Problem requirements:
Two lines in the data below mark the range: the one with "Condo Apartment in Mississauga" and the one with "La alcaldesa Folgado, junto". Return both, along with every line between them, exactly.

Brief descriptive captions
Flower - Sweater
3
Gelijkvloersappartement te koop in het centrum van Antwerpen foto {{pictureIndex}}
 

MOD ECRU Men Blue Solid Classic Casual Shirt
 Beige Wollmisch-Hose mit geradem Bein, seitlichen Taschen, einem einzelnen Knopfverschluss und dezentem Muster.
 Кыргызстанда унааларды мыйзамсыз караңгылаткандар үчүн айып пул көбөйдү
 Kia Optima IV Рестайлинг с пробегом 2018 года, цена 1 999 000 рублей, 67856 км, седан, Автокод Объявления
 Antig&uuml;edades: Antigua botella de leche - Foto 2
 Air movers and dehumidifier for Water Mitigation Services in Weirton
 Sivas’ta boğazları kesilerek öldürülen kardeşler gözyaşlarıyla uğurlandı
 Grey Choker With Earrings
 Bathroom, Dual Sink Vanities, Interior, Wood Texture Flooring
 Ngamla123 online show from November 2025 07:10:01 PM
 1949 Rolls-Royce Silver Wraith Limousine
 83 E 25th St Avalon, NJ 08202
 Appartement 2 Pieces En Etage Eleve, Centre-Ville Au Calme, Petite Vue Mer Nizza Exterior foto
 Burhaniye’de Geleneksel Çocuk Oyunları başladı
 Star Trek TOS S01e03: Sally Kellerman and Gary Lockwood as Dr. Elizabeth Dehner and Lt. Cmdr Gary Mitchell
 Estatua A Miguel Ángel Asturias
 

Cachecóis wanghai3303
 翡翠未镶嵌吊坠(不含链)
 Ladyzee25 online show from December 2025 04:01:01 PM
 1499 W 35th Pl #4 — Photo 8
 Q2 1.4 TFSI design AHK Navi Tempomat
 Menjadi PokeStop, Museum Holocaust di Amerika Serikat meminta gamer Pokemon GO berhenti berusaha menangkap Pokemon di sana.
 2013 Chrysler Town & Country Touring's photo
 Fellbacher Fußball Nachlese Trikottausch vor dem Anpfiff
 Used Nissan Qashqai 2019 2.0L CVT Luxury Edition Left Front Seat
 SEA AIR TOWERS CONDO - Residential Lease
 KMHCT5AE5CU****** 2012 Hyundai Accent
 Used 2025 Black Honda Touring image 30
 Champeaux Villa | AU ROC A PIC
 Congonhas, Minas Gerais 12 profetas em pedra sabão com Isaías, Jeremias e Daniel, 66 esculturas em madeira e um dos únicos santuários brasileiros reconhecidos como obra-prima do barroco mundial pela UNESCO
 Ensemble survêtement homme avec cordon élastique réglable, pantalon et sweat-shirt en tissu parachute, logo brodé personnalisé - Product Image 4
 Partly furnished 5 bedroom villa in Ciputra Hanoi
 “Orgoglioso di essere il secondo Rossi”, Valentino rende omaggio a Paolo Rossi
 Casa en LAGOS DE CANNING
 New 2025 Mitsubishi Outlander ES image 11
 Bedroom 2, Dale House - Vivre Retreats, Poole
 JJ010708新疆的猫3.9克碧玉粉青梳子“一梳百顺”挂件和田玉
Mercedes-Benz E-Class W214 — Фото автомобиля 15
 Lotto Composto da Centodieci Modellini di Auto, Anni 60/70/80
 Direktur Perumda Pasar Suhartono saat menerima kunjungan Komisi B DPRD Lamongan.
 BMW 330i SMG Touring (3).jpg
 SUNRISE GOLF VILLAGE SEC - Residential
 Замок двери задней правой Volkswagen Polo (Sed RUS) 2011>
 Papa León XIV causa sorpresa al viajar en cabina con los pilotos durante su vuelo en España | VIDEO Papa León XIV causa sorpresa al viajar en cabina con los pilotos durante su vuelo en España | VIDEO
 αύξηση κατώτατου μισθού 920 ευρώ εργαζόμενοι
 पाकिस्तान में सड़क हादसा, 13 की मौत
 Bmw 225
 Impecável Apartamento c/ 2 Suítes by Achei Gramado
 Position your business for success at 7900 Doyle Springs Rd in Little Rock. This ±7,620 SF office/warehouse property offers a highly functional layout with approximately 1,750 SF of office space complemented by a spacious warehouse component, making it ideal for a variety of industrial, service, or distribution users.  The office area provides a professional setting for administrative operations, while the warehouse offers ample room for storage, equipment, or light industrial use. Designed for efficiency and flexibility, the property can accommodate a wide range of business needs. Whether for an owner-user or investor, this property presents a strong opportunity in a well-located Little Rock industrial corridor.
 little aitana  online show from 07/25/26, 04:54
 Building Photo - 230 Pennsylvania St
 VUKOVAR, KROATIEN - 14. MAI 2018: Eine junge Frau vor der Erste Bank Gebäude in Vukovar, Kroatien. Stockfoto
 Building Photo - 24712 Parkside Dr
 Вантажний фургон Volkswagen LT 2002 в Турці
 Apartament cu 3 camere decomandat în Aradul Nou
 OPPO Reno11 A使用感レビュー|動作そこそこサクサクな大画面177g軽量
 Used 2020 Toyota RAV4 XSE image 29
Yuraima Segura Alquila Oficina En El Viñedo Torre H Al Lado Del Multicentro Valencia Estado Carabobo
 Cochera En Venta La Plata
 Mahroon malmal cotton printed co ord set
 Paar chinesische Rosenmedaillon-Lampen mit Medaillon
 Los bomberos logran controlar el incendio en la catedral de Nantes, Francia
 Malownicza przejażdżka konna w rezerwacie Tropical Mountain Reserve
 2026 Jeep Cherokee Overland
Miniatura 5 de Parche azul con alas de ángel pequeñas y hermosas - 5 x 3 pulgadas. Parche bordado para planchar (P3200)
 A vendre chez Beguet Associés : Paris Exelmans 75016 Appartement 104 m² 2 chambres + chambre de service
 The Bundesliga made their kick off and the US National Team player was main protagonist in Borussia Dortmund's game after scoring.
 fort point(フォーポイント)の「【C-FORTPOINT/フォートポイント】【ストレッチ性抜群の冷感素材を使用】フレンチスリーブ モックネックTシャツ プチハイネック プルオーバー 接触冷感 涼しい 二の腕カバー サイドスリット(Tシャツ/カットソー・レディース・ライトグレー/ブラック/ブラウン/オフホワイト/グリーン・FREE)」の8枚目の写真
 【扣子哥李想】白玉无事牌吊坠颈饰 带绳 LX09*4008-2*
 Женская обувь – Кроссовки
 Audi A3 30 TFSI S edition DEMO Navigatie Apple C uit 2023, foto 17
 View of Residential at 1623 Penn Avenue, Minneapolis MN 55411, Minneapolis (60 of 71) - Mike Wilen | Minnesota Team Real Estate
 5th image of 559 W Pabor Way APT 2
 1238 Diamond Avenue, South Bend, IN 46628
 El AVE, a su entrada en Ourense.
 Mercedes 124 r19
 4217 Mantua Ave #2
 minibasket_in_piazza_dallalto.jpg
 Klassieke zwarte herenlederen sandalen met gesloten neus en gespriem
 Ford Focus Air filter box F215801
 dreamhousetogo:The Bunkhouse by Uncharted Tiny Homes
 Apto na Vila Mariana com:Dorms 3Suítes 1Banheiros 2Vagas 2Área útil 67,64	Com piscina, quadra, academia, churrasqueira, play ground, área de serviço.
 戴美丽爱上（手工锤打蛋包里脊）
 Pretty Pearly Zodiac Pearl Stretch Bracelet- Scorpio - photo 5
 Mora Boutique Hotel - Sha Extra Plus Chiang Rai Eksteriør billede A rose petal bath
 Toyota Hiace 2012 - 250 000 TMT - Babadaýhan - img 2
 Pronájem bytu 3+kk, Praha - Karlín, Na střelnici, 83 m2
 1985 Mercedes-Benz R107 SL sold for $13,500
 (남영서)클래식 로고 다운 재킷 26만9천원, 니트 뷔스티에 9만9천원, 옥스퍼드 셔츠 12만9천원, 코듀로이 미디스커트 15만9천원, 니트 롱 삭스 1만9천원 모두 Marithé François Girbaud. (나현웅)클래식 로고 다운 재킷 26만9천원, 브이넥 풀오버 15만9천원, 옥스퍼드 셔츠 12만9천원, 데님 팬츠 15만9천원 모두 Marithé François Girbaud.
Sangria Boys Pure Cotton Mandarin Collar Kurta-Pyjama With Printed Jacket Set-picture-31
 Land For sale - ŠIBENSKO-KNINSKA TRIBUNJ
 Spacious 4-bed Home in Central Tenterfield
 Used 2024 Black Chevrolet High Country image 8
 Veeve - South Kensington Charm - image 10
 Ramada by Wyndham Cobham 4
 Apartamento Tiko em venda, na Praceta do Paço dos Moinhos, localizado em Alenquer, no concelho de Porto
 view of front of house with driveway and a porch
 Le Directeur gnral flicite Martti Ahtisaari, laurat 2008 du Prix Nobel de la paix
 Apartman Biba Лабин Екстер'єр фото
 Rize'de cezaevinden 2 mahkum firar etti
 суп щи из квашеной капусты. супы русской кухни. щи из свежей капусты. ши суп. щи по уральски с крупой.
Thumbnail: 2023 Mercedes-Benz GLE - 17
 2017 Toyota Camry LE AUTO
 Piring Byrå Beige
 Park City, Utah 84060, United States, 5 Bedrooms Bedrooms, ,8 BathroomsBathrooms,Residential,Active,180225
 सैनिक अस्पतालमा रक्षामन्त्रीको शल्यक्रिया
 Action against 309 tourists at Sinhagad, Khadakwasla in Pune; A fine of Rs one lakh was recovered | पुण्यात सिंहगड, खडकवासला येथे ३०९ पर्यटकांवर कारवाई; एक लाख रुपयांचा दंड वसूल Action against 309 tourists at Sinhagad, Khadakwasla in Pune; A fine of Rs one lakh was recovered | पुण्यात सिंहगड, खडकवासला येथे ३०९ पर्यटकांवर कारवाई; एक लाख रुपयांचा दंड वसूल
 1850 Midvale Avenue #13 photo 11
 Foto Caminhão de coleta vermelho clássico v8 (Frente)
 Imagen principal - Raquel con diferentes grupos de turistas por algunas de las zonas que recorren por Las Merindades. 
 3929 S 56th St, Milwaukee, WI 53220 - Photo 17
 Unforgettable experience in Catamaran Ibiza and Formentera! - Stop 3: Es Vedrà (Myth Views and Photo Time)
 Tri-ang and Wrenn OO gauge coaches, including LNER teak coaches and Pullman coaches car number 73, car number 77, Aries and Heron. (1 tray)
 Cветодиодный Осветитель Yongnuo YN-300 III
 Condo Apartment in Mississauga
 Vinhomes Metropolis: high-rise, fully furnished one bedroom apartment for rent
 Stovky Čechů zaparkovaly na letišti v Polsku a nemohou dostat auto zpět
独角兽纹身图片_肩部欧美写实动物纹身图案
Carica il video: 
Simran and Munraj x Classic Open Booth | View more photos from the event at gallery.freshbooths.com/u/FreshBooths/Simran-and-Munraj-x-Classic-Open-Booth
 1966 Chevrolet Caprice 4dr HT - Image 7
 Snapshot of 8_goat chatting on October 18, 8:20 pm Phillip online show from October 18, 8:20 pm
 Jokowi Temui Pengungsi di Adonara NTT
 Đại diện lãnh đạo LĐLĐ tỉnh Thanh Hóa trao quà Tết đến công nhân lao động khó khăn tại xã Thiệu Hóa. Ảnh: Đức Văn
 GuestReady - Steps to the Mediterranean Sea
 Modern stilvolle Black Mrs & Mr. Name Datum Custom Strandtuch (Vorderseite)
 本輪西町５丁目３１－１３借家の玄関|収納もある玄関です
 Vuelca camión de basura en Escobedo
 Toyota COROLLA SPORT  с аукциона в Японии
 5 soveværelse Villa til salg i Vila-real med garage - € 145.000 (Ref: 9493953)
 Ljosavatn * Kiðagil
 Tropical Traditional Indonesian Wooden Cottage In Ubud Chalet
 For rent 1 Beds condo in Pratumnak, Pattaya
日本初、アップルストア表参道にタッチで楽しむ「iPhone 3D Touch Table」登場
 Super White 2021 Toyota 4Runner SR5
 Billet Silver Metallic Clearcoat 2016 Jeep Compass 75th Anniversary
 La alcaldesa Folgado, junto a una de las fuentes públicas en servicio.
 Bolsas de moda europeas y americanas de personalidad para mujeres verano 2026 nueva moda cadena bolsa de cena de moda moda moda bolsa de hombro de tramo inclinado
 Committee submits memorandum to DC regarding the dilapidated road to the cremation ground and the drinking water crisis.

Task answer:
 Condo Apartment in Mississauga
 Vinhomes Metropolis: high-rise, fully furnished one bedroom apartment for rent
 Stovky Čechů zaparkovaly na letišti v Polsku a nemohou dostat auto zpět
独角兽纹身图片_肩部欧美写实动物纹身图案
Carica il video: 
Simran and Munraj x Classic Open Booth | View more photos from the event at gallery.freshbooths.com/u/FreshBooths/Simran-and-Munraj-x-Classic-Open-Booth
 1966 Chevrolet Caprice 4dr HT - Image 7
 Snapshot of 8_goat chatting on October 18, 8:20 pm Phillip online show from October 18, 8:20 pm
 Jokowi Temui Pengungsi di Adonara NTT
 Đại diện lãnh đạo LĐLĐ tỉnh Thanh Hóa trao quà Tết đến công nhân lao động khó khăn tại xã Thiệu Hóa. Ảnh: Đức Văn
 GuestReady - Steps to the Mediterranean Sea
 Modern stilvolle Black Mrs & Mr. Name Datum Custom Strandtuch (Vorderseite)
 本輪西町５丁目３１－１３借家の玄関|収納もある玄関です
 Vuelca camión de basura en Escobedo
 Toyota COROLLA SPORT  с аукциона в Японии
 5 soveværelse Villa til salg i Vila-real med garage - € 145.000 (Ref: 9493953)
 Ljosavatn * Kiðagil
 Tropical Traditional Indonesian Wooden Cottage In Ubud Chalet
 For rent 1 Beds condo in Pratumnak, Pattaya
日本初、アップルストア表参道にタッチで楽しむ「iPhone 3D Touch Table」登場
 Super White 2021 Toyota 4Runner SR5
 Billet Silver Metallic Clearcoat 2016 Jeep Compass 75th Anniversary
 La alcaldesa Folgado, junto a una de las fuentes públicas en servicio.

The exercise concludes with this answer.